Madam'ın evine yerleşmiştik. Aras gittiğinde Rüzgar ve Rüya da Amerikaya gitmişti. 3 senedirde ordaydılar. Dolunay ise Rüzgarların eski evine taşınmış ve Aras'ın isteğiyle bize takılan bi gereksizdi. Bilmiyorum ama kızda rahatsız eden bi şeyler vardı. Aşırı sinirime dokunuyodu. Fazlaydı. Bana batıyodu.  Ama ne hikmetse Aras çok sahiplenmişti.

Kapıyı açtığımda Dolunayda koyu kahvelerini benim yeşillerime odakladı. Tek kaşımı kaldırıp kollarımı göğsümde birleştirdim.
"Ne var yine?" Hafifçe gülüp
"Aras çağırdı." Dedi. Dudaklarımı yalayıp
"Bu günmü çağırdı? Karıştırmayasın. Bu gün özel bi işimiz vardı"
"Aşimdi aradı. İstersen sora bilirsin." Başımı iki yana sallayıp kapıyı açık bırakarak içeri girdim.

Elis'i kucağıma alıp salona geçtiğimde Bora da salona girdi. Dolunaya yandan bi bakış atıp bana döndü.
"Ne işi var.?"
"Aras çağırmış." Bora o günden sonra aşırı soğuktu insanlara karşı. Fazla kabaydı ki kesinlikle Bora bu değildi.

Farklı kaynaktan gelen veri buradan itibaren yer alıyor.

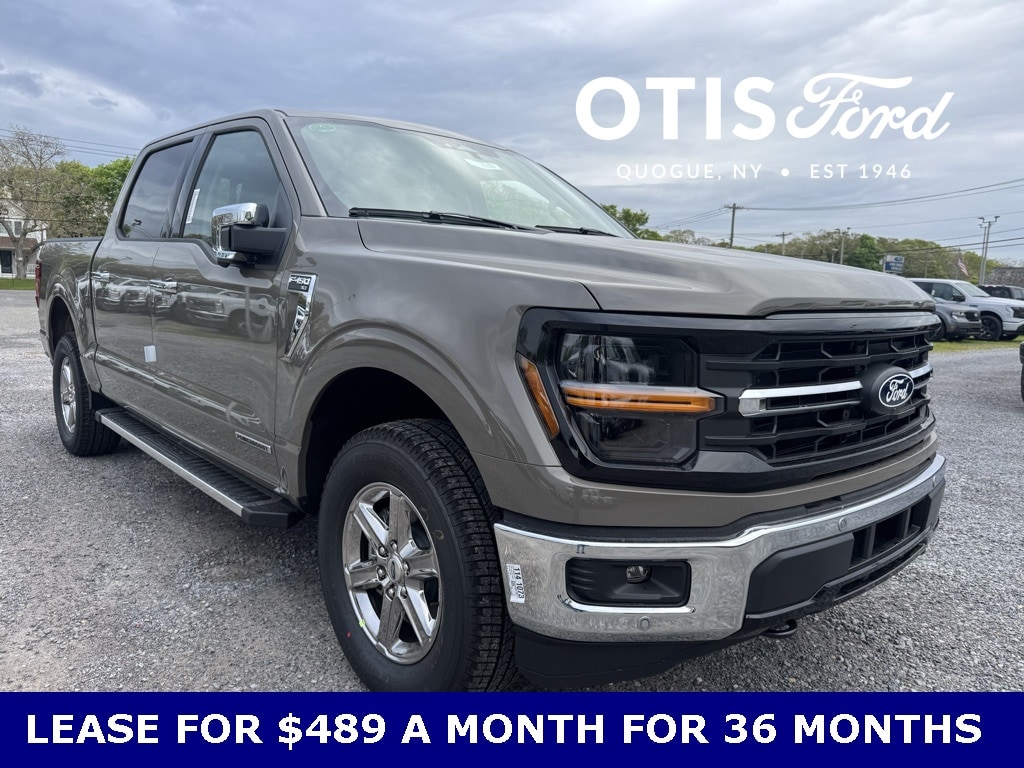 2025 Ford F-150 XLT's photo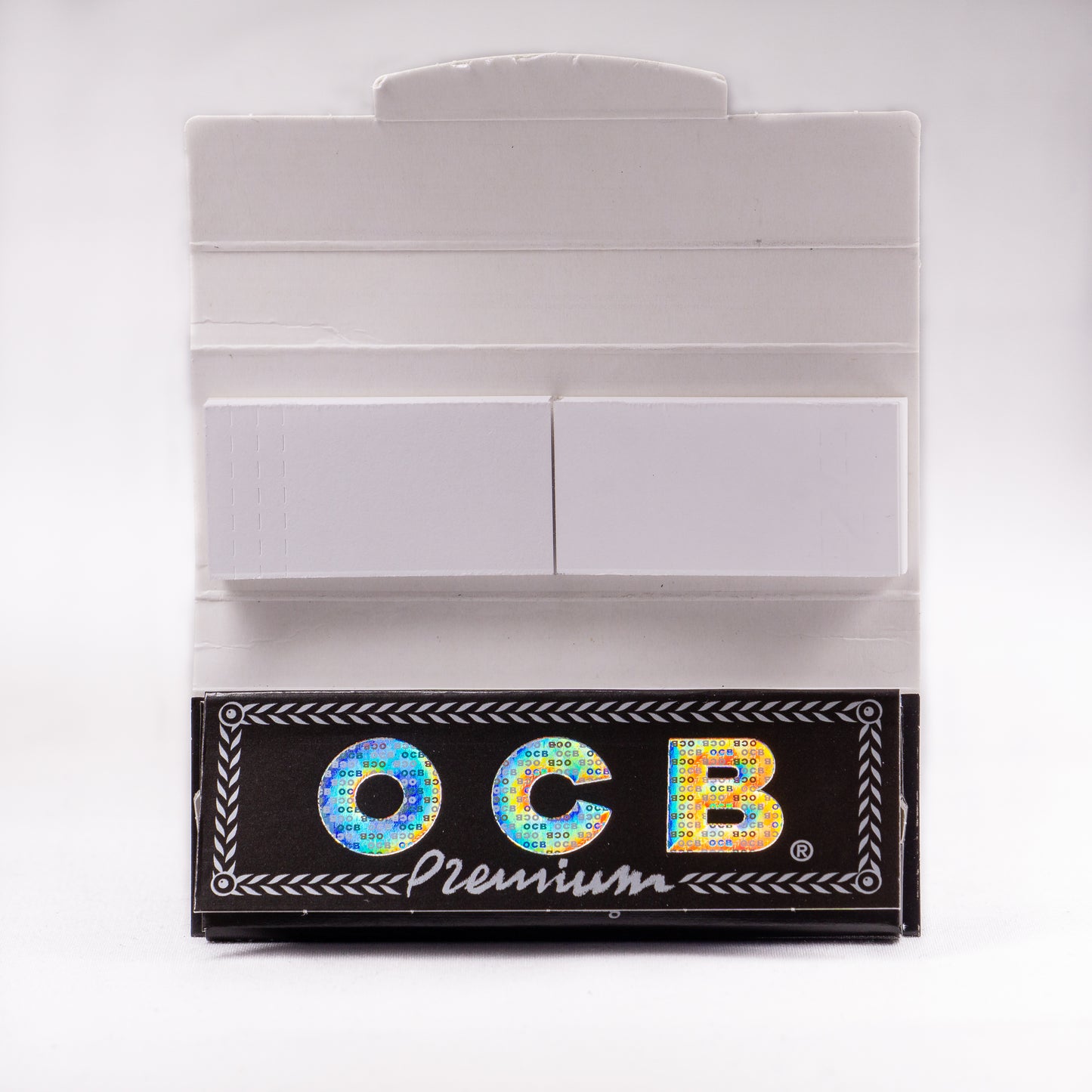 OCB Con Filtro Negro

Oda Dolunaydan haz etmiyodu. Nedense ikimizde onu Elis yerine konulmuş gibi hissedip rahatsız oluyoduk.

Bora Elis'i kucağımdan alıp tekli koltuğa oturdu. Onla oynarken Derinde gelip yanıma oturdu. Dolunay sessizce Bora ve Elis'e bakıyodu. Bazende bana bakışları kayıyodu. Derin kulağıma yaklaştığında ona döndüm.

"Rüya nişanlanmış" istemsizce kaşlarım havaya kalktı.
"Rüya?" Diye araya giren Dolunaya ters bi bakış atıp Derin'e döndüm.
"Nasıl yaa? Kimle?"
"Ordan biriyle. Bi kaç gün içinde dönceklermiş."
"Rüzgar?" Bora'nın sorusuyla Derin iç çekip başını olumlu anlamda salladı.

Salona girenlerle Derin açtığı azını kapattı. Aras ve Demir şirketleri birleştirmiş ve dahada büyütmüşlerdi. Selim abi Bora Aras ve Demir holdinglerle ilgileniyolardı. Aynı zamanda bi kaç ortak daha vardı. Aras ceketini çıkarıp gömleğinin kollarını kıvırdı. Dolunaya yandan bi bakış atıp mutfağa yöneldi.